[Data records]
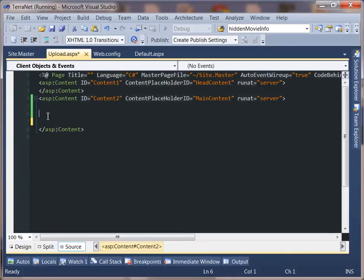Hey guys, what's up. In this video I want to show you how to style an upload file button. If you'll notice, an upload file button is displayed natively by whichever browser a user happens to be in, and there's actually no way to style it — it's similar to a radio button.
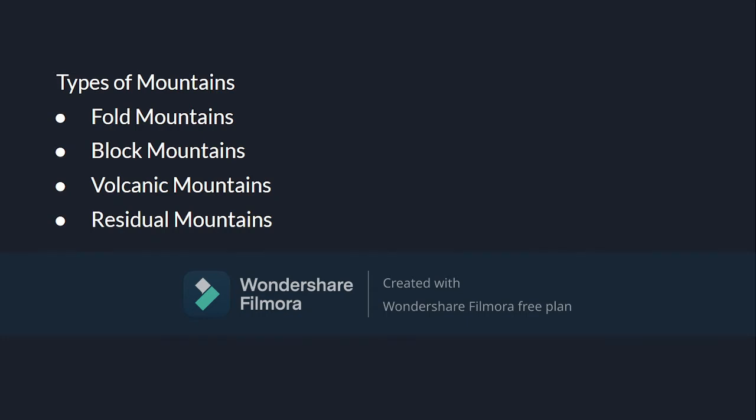The mountains can be divided into four types on the basis of their shape, size, and height. The first one is fold mountains, followed by block mountains, volcanic mountains, and finally residual mountains. Let's learn about each of these mountains.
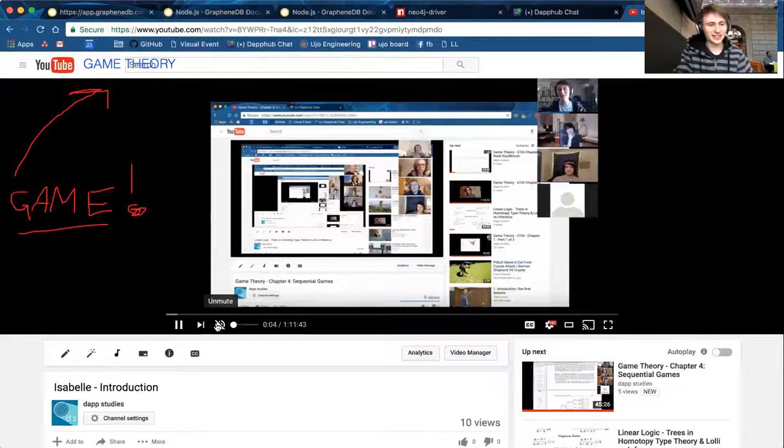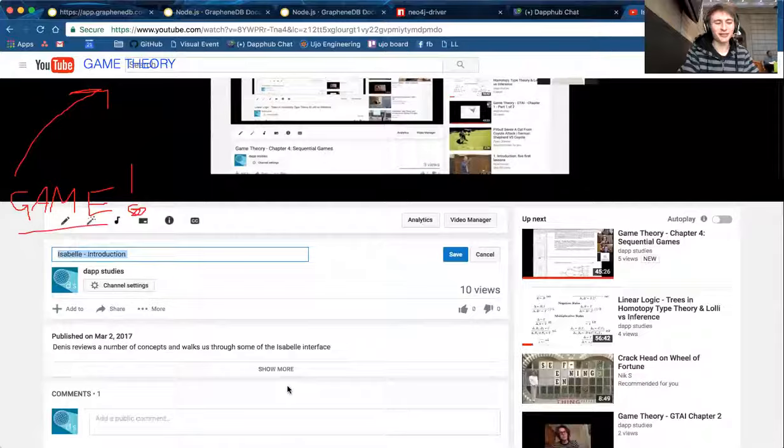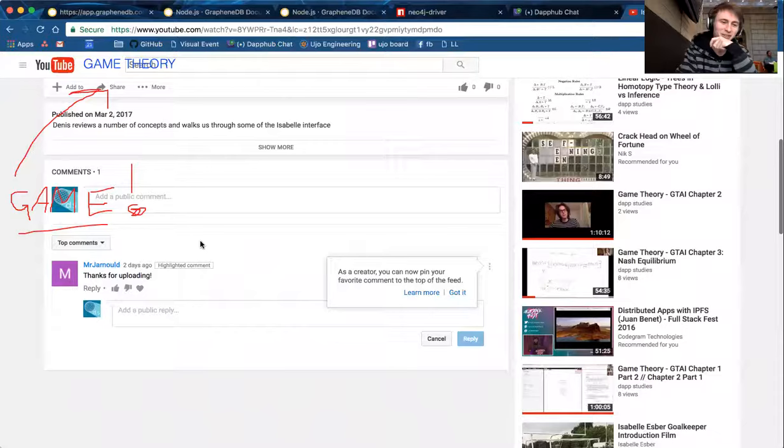Welcome everyone to Game Theory — that's where the logo is. We have an important announcement this week: we got our first comment. Faithful listener and watcher said 'thanks for uploading, hallelujah.' There is exactly one reason why we're uploading these videos, and that's all we need.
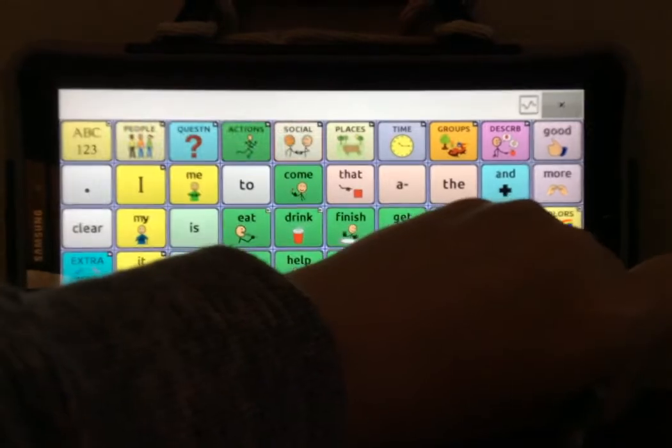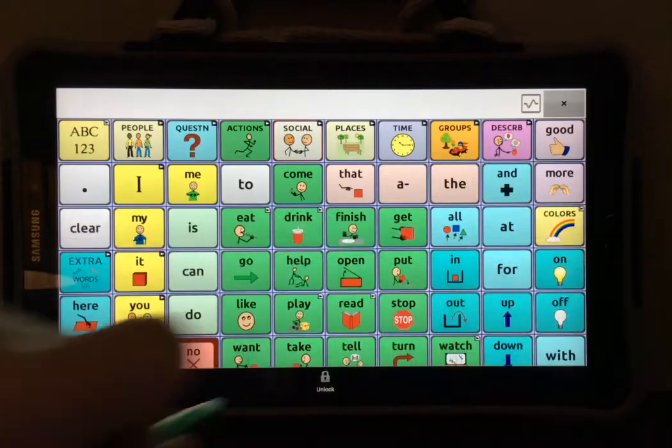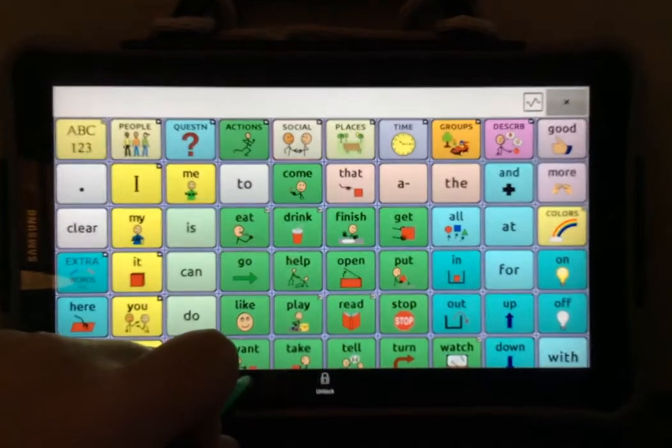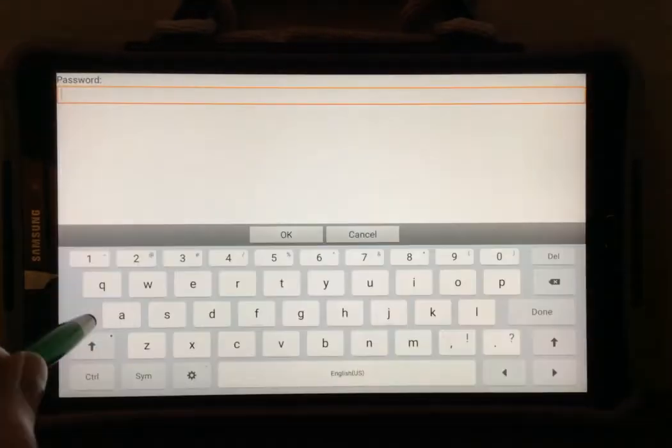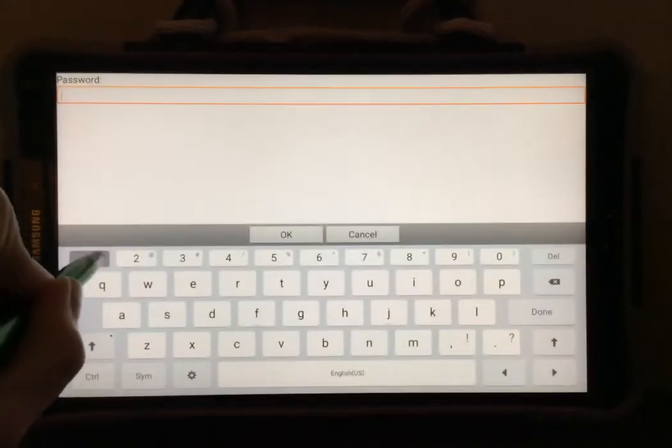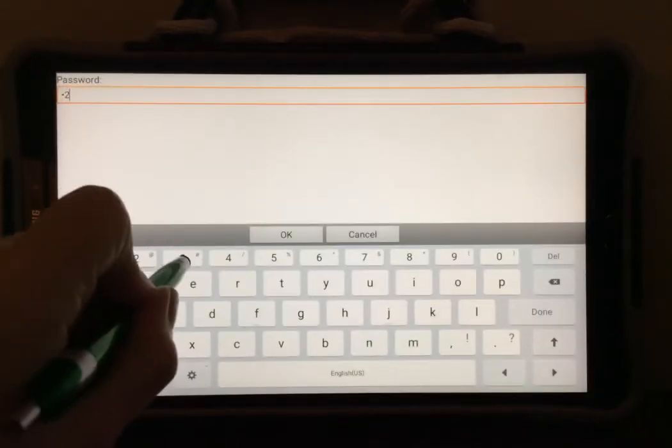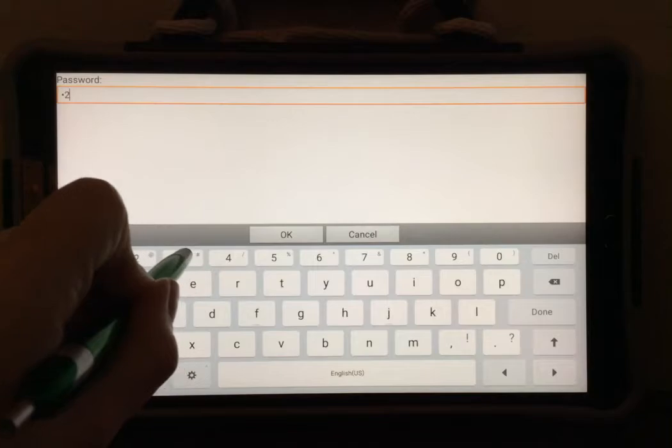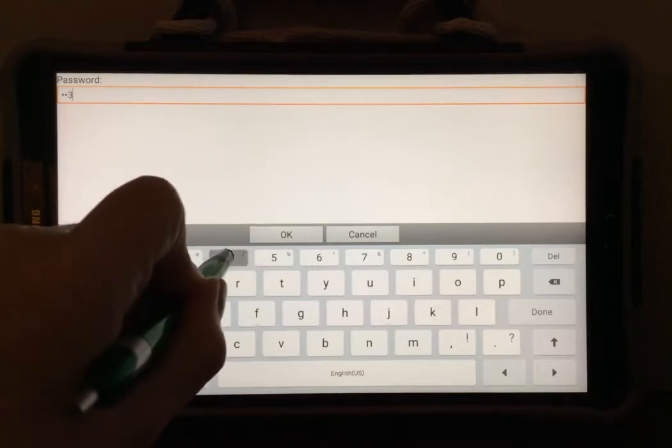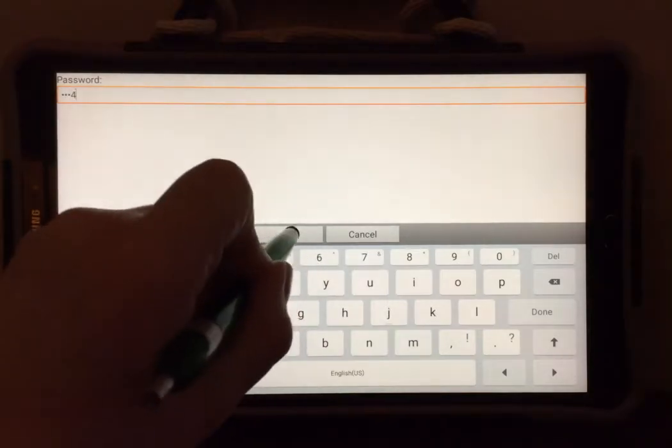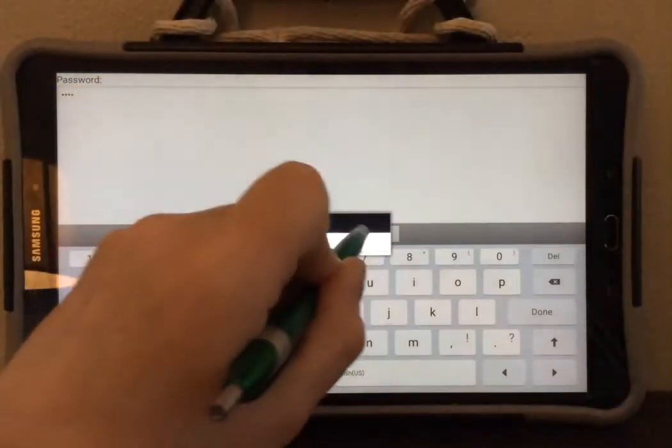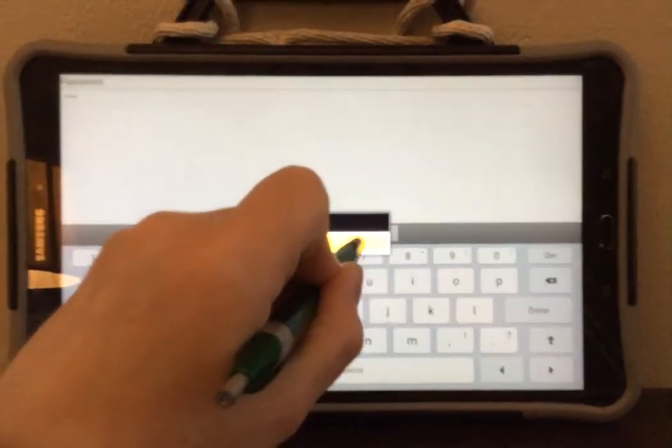The first thing you're going to do is select the menu button and select unlock. Type in your password, select OK, and select no.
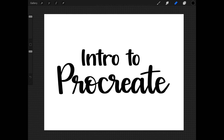Hi everybody and welcome to the Lobo Designs channel. This is Heather Lynn, owner of Lobo Designs, and this is Intro to Procreate. So without further ado, let's get started.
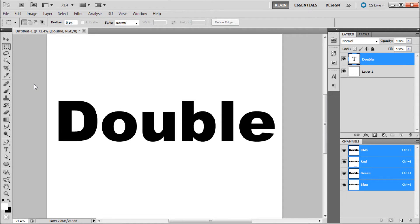When using Photoshop, you will come across times when you want to create a double stroke. Unfortunately, Photoshop does not have the double stroke functionality, such as other programs like Illustrator. In order to create a double stroke in Photoshop currently, you will need to use two separate strokes.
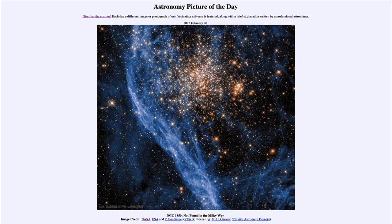These are many times younger, so a very young star cluster by comparison. It's also a double star cluster — I mentioned that there are two clusters of differing ages. This is actually located in the Large Magellanic Cloud, which is a satellite galaxy of our own.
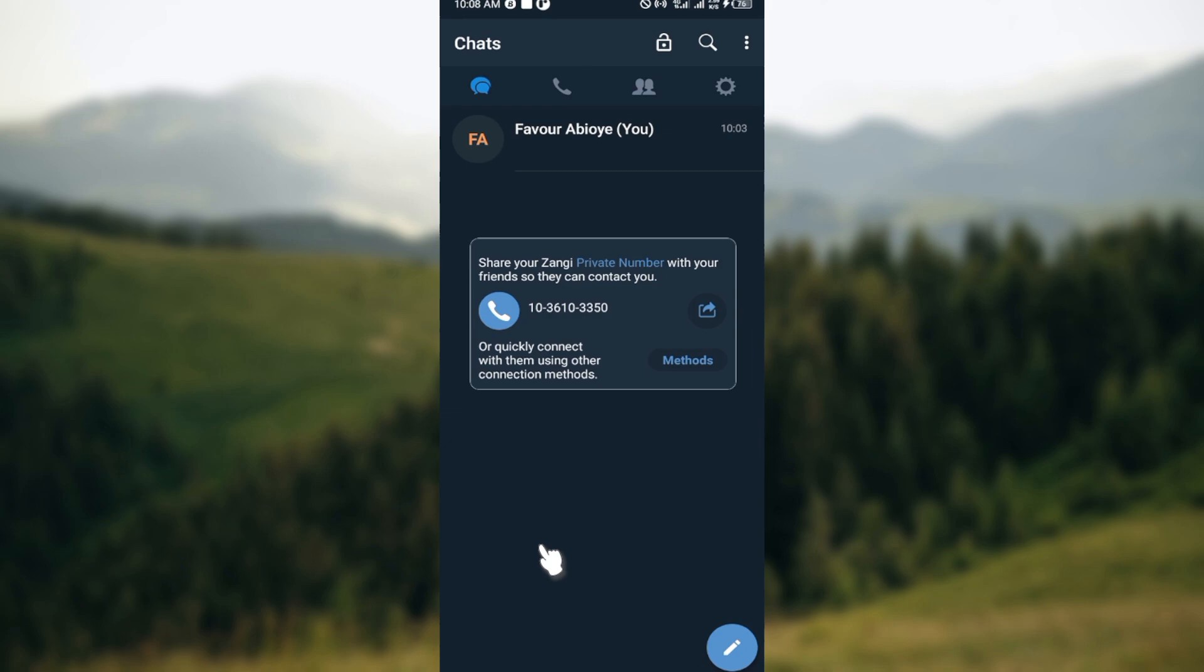The first step is to open the Zangi messenger application on your phone, just like I have done here. Once you've done that, I'm brought to the home page. On this page you can see all of your chats.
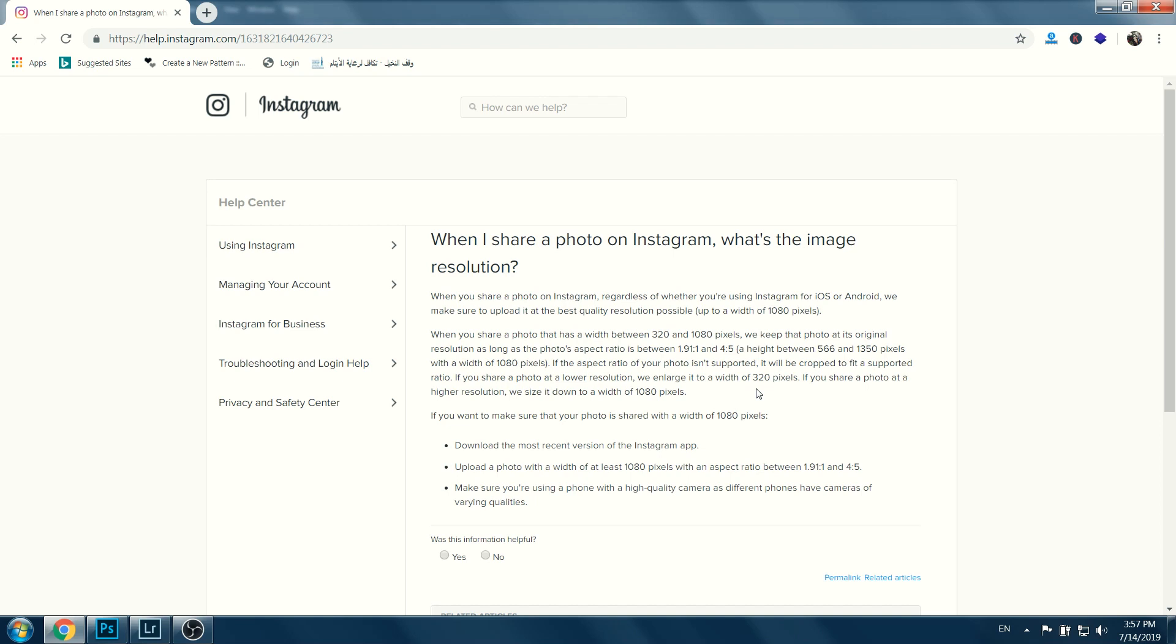As you see here, Instagram's requirements are to be between 320 and 1080 pixels width and 556 and 1350 height. Whenever you upload bigger images, Instagram will resize it, and this is when you're losing the quality.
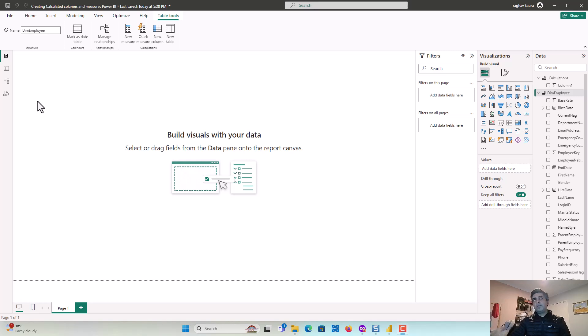Hey everyone, as part of this series around DAX and calculated columns and measures, we'll just start by experimenting with calculated columns and measures.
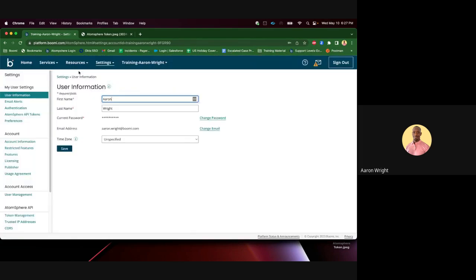On the left side of the screen, under My User Settings, select Atmosphere API Tokens.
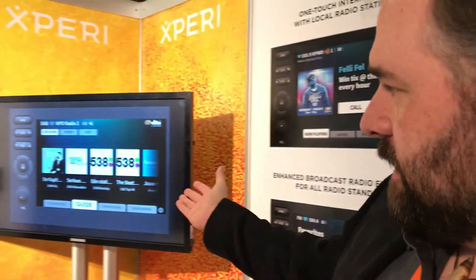Hi, I'm Paul Venezia. I'm an architect at DTS, or Xperi, where we are demonstrating DTS Connected Radio, which is a form of hybrid radio that connects radio stations and broadcast signals with data delivered over an internet IP connection, a cellular data connection.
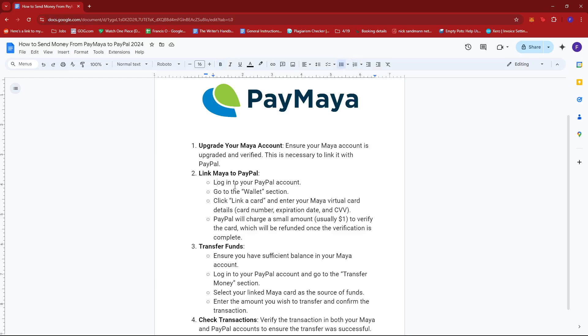Next, link Maya to PayPal. So to do this, log in to your PayPal account, head to the wallet section, click link a card and enter your Maya virtual card details. This consists of card number, expiration date, and CVV.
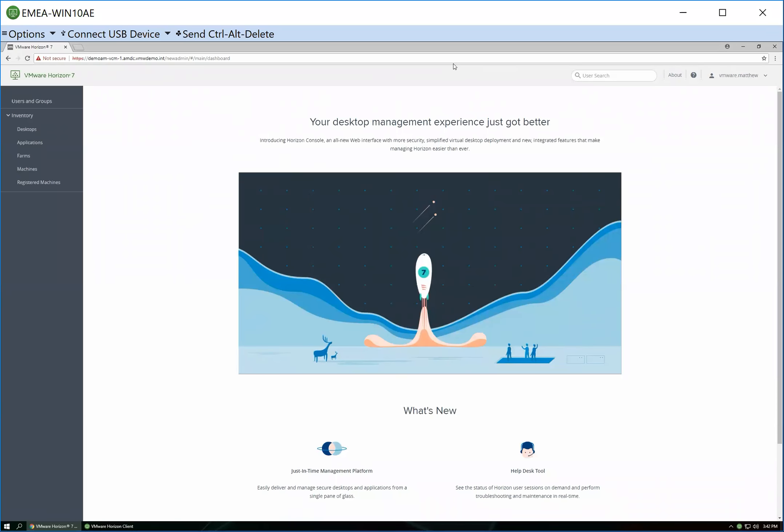Hi, this is Matt and today I'm looking at the VMware Horizon Helpdesk tool. Helpdesk tool is a feature of the VMware Horizon Management Console.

* **TASK DETAILS**
Nothing but the lines above from the line with "The first thing" up to and including the line with "The first step" should be returned, exactly as written and without pictures.

* **WRITTEN ANSWER**
The first thing you're going to do is select the menu button and select unlock. Type in your password, select OK, and select no.
Hi everybody and welcome to the Lobo Designs channel. This is Heather Lynn, owner of Lobo Designs, and this is Intro to Procreate. So without further ado, let's get started.
When using Photoshop, you will come across times when you want to create a double stroke. Unfortunately, Photoshop does not have the double stroke functionality, such as other programs like Illustrator. In order to create a double stroke in Photoshop currently, you will need to use two separate strokes.
These are many times younger, so a very young star cluster by comparison. It's also a double star cluster — I mentioned that there are two clusters of differing ages. This is actually located in the Large Magellanic Cloud, which is a satellite galaxy of our own.
The first step is to open the Zangi messenger application on your phone, just like I have done here. Once you've done that, I'm brought to the home page. On this page you can see all of your chats.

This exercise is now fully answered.